Dans la salle plénière du palais des congrès de Bordeaux ce mardi 1er octobre, les présidents de conseils régionaux, réunis en congrès depuis hier, s'attendaient à voir le Premier ministre leur annoncer de nombreuses solutions concrètes en termes de transport, d'éducation, de transition écologique et énergique ou encore de fiscalité locale. Pour appuyer leurs demandes, ils avaient même mandaté les représentants (ex-LR) des maires de France (AMF) François Baroin et des départements de France (ADF) Dominique Bussereau pour jouer les chauffeurs de salle.

Alain Rousset "déçu d'être déçu"

Las.

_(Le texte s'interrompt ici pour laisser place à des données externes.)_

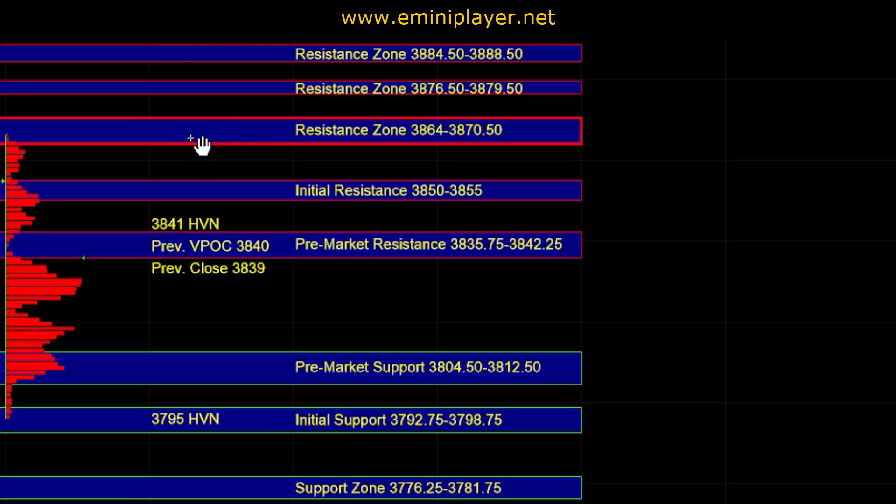And a successful breakout above that zone would serve as a bullish confirmation, which could then result in range expansion into the resistance areas above.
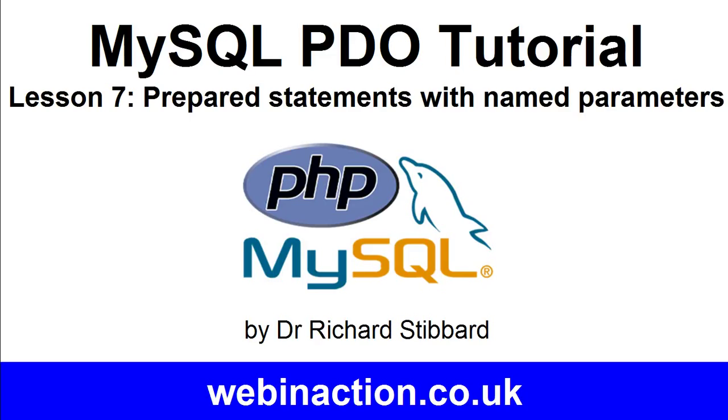This is lesson seven of a series of tutorial videos on how to use PDO to connect to a MySQL database and work with the database records.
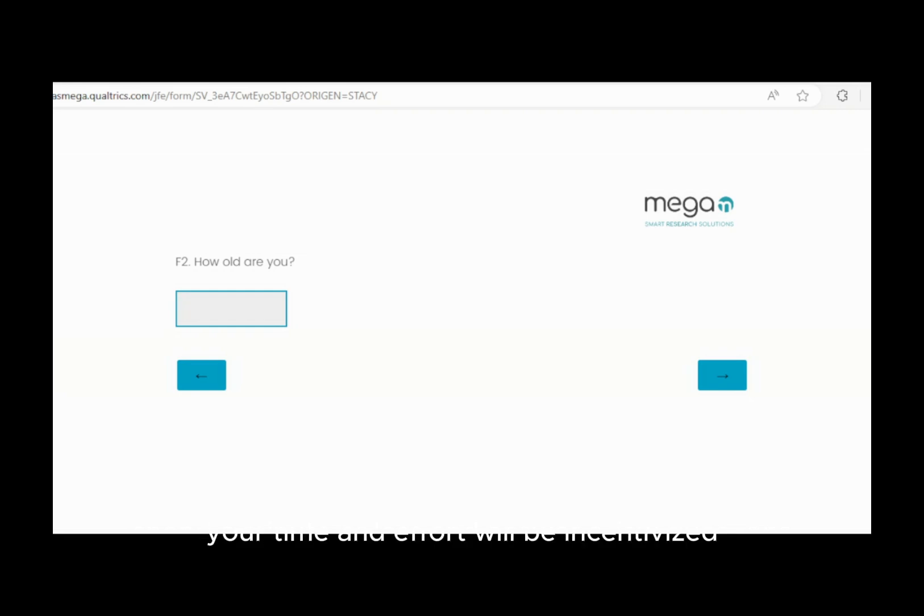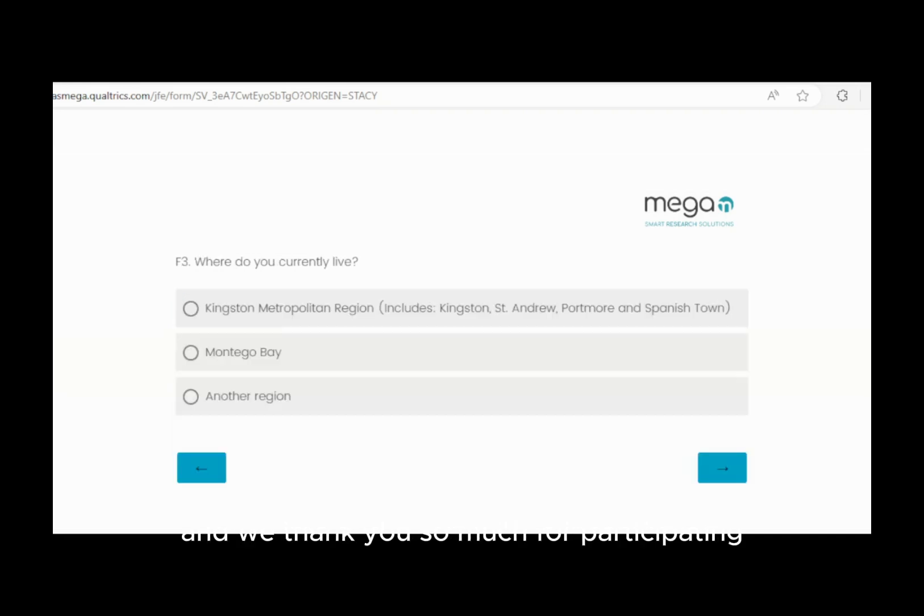Your time and effort will be incentivized, and we thank you so much for participating.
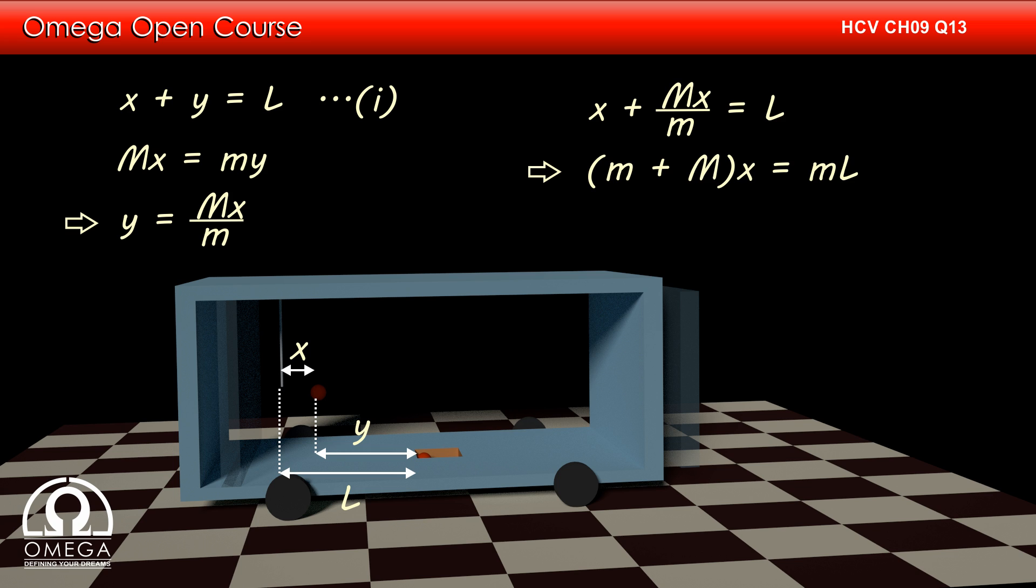Simplifying, we get M plus capital M into x is equal to M into L, or x is equal to M into L divided by M plus capital M. This is our answer.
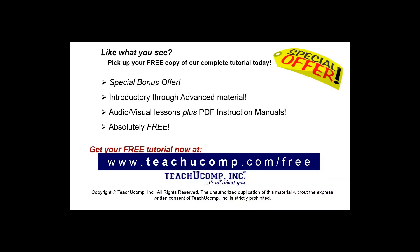Like what you see? Pick up your free copy of the complete tutorial at www.teachucomp.com/free.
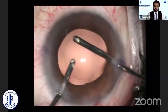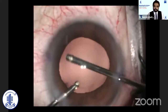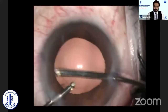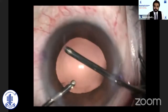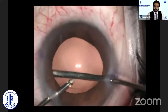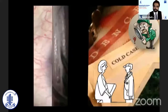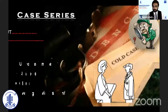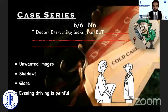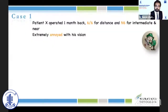One more suggestion: I would really suggest everyone to try to polish the anterior capsule. This would really improve the visual or optical quality of the eyes post-implantation of all these trifocal IOLs.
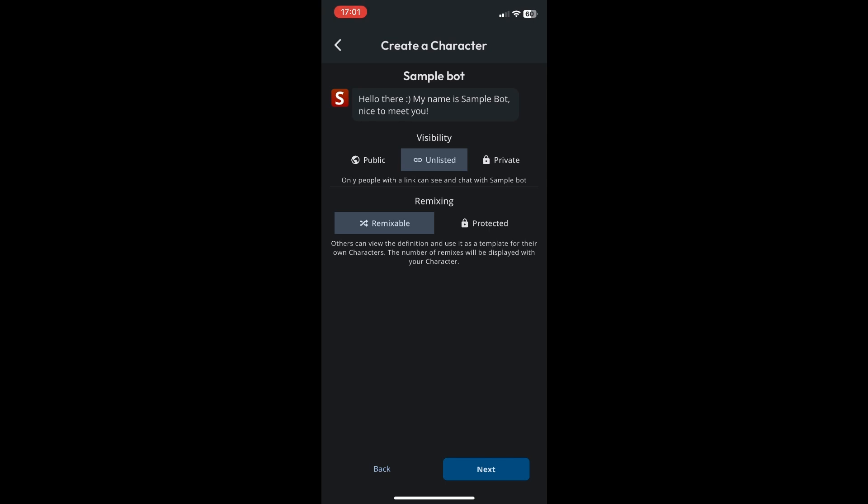You can also set this visibility if it's public, private, or unlisted. I'll keep it private for now and then click on next again.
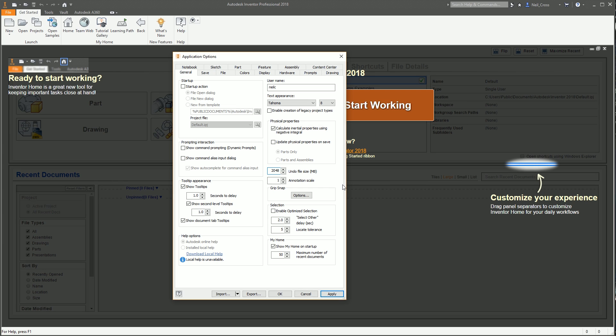The undo file is like a little hidden file that Inventor references whenever you make a change. Whenever you create an extrusion feature or anything you do in the program, it stores that action into an undo file. You can go up to about four gigabytes I think, but it's a bit overkill, so I'll just double that to 2048, so that's roughly two gig worth of undo file size.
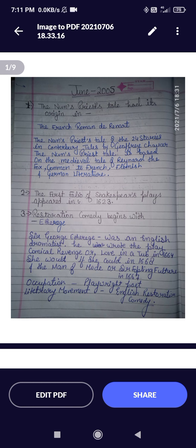Welcome back to my channel. I hope you all are doing well and preparing for your exam. Take your pen and notepad — we are going to solve the June 2005 question paper of English Literature. My motto of solving question papers from 2004 onwards is that when we solve them one by one, we come to know how the questions are changing and how the pattern is changing.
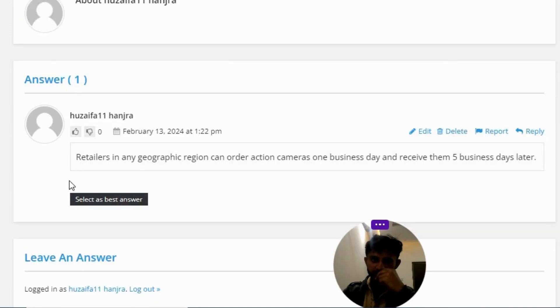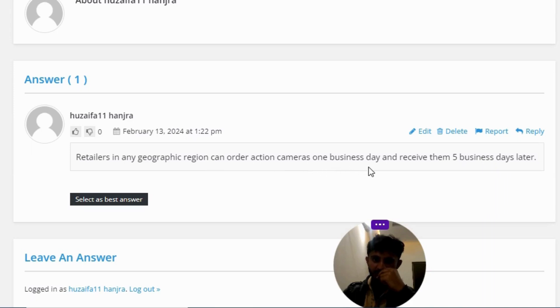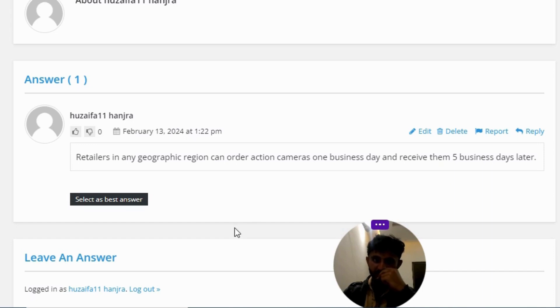The correct answer to the question is: retailers in any geographic region can order action cameras one business day and receive them five business days later. So that's the correct answer to the question.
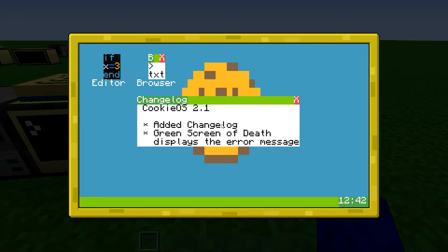So the changelog was added, and the green screen of death displays the error message. If you install this update, you won't see the changelog. But if cookieOS 2.2 comes out, you will see the changelog then, because of how it works.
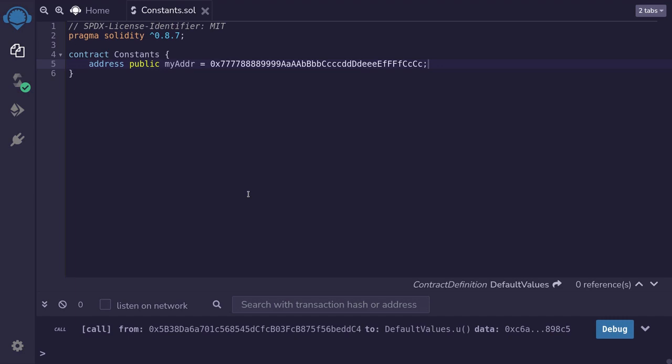Sometimes you have a state variable that you know will never change. In this case, it's better to declare the state variable as a constant rather than as a regular state variable.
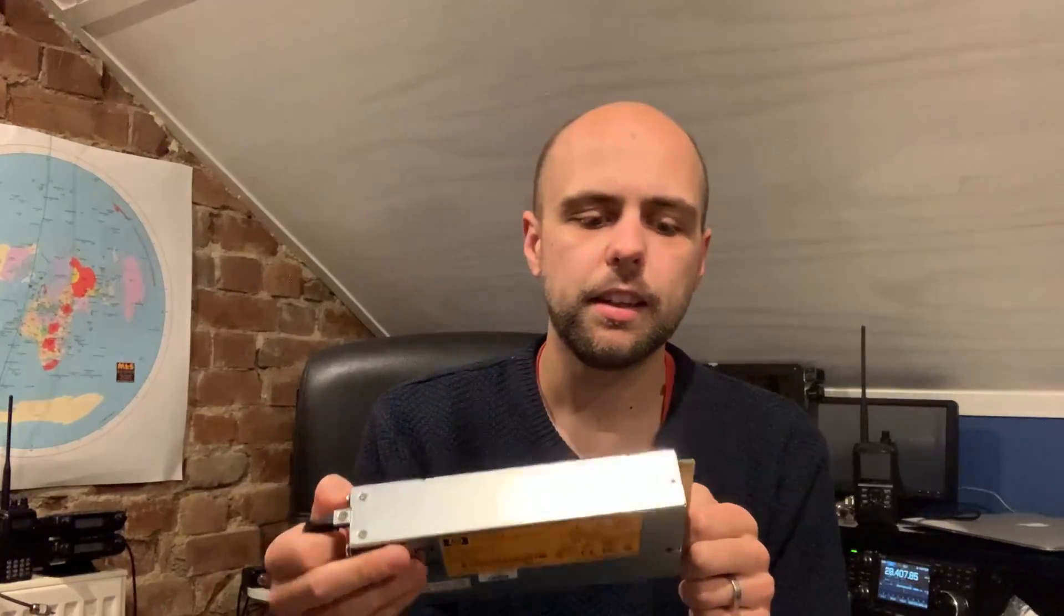But certainly if you want a cheap power supply, you don't mind opening it up and tweaking the voltage and taking out that little resistor, then go for it. It's a really, really simple thing to do and I highly recommend you do if you need a power supply for your shack and don't want to spend the earth.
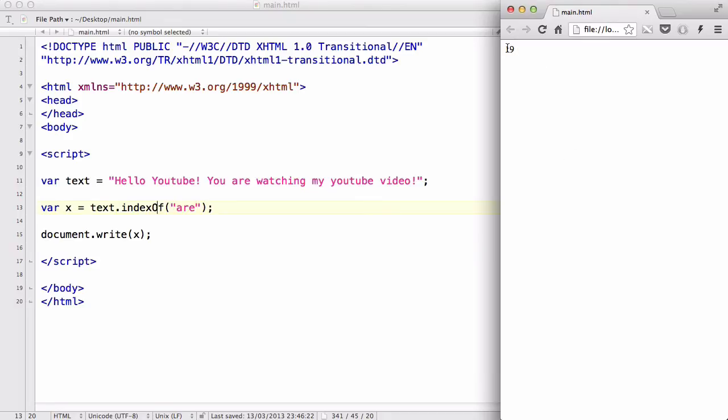And there we go, we have an output of 19. That means that the word r is at the 19th position in your text.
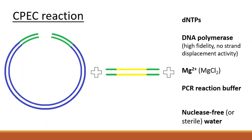Although this setup resembles a standard PCR, CPEC is not a DNA amplification technique. As in a standard PCR, however, there are three steps: denaturation, annealing, and extension.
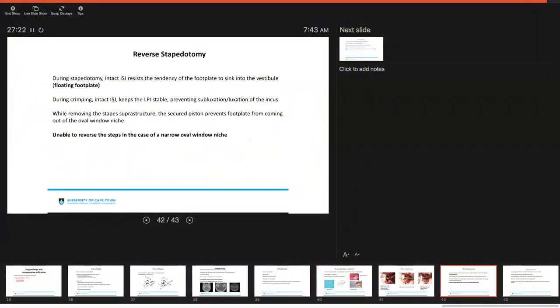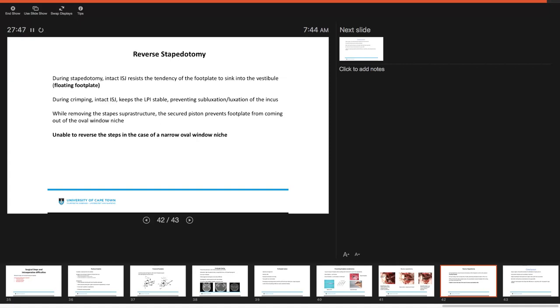So during stapedotomy, for reverse stapedotomy, your intact IS joint resists the tendency of the footplate to sink into the vestibule, creating a floating footplate. During crimping, your intact joint keeps the long process of the incus stable, preventing subluxation of the incus. While you remove the stapes superstructure, the secured piston actually prevents the footplate from coming out of the oval window niche. The one thing to note is that you are unable to do reverse stapedotomy if you have a very, very narrow oval window niche.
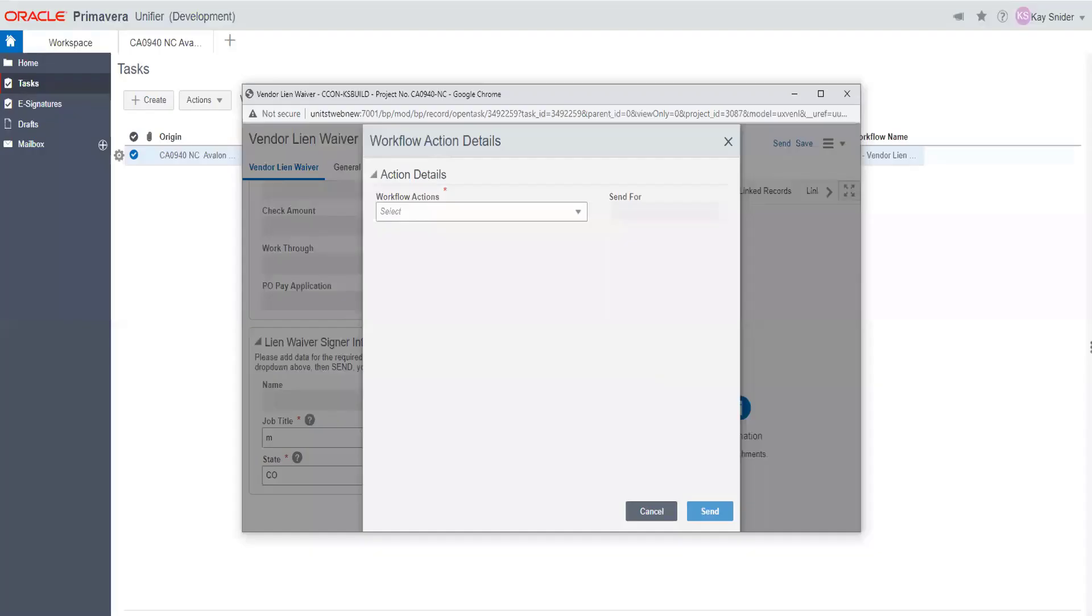The action details window will open. Here you will use the pull down arrow to make your record complete or send for more revision.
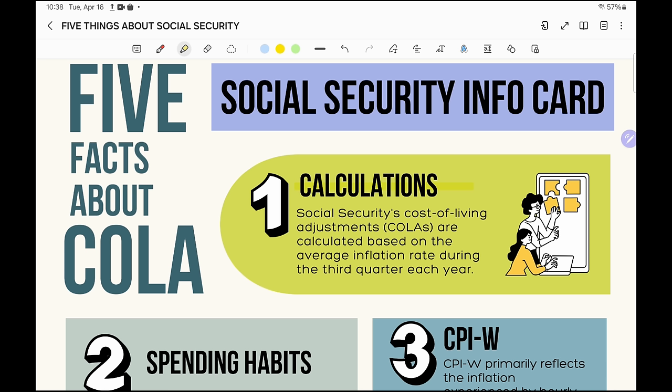When we're looking at the calculations, Social Security's cost of living adjustment, COLA, is calculated based on the average inflation rate during the third quarter of each year. They're using July, August, and September — those are the three months they use to get the calculation for COLA for the next year, which in this case would be for 2025.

Edouard Philippe a certes vanté « la qualité d'une réponse concertée et discutée au-delà des choix politiques des régions » après deux ans et demi de tensions, mais les élus, à commencer par François Bonneau (PS, Centre-Val-de-Loire) ont eu le sentiment d'entendre « un discours de la méthode sans souffle girondin ». Hôte de ce grand raout, le président (PS) de la Nouvelle-Aquitaine Alain Rousset s'est dit, lui, « déçu d'être déçu », ayant eu « l'impression que le Premier ministre ne croyait pas à ce qu'il disait ».

Sur le fond du discours, le locataire de Matignon, qui n'oublie jamais de rappeler qu'il a été maire du Havre et président de la métropole havraise, a, de son côté, confirmé la présentation d'un « projet de loi 3D » - décentralisation, déconcentration et différenciation - dans le courant de l'année. Il a ainsi promis « une concertation dans chaque région » pour identifier dans chacune d'entre elles les besoins. « C'est vachement (sic) intéressant de se poser la question », a-t-il poursuivi.

"Je veux encore y croire" (Hervé Morin)

Par exemple, devant la demande répétée des conseils régionaux d'avoir les mains libres sur Pôle Emploi, en plus de leur compétence-clé en matière de développement économique, Edouard Philippe s'est dit prêt à « proposer à des régions volontaires de renforcer les politiques de formation professionnelle » avec « un nouveau rôle dans l'action de Pôle Emploi ». Sans créer un nouveau comité Théodule dans chacune d'entre elles, il a évoqué « une instance de gouvernance présidée par le patron du conseil régional » qui pourrait « piloter des expérimentations ».

Mais pour les principaux concernés, cette proposition primo-ministérielle est floue et insuffisante. « La France va mieux mais je continue à voir des taux de chômage de 15, 16 voire 17%. C'est pourquoi je demande un changement de modèle où les réponses peuvent être apportées par nos territoires », déclare le président de l'association Régions de France Hervé Morin. « Je veux encore y croire mais j'attends du concret sur la construction du nouvel acte de décentralisation », ajoute l'édile normand.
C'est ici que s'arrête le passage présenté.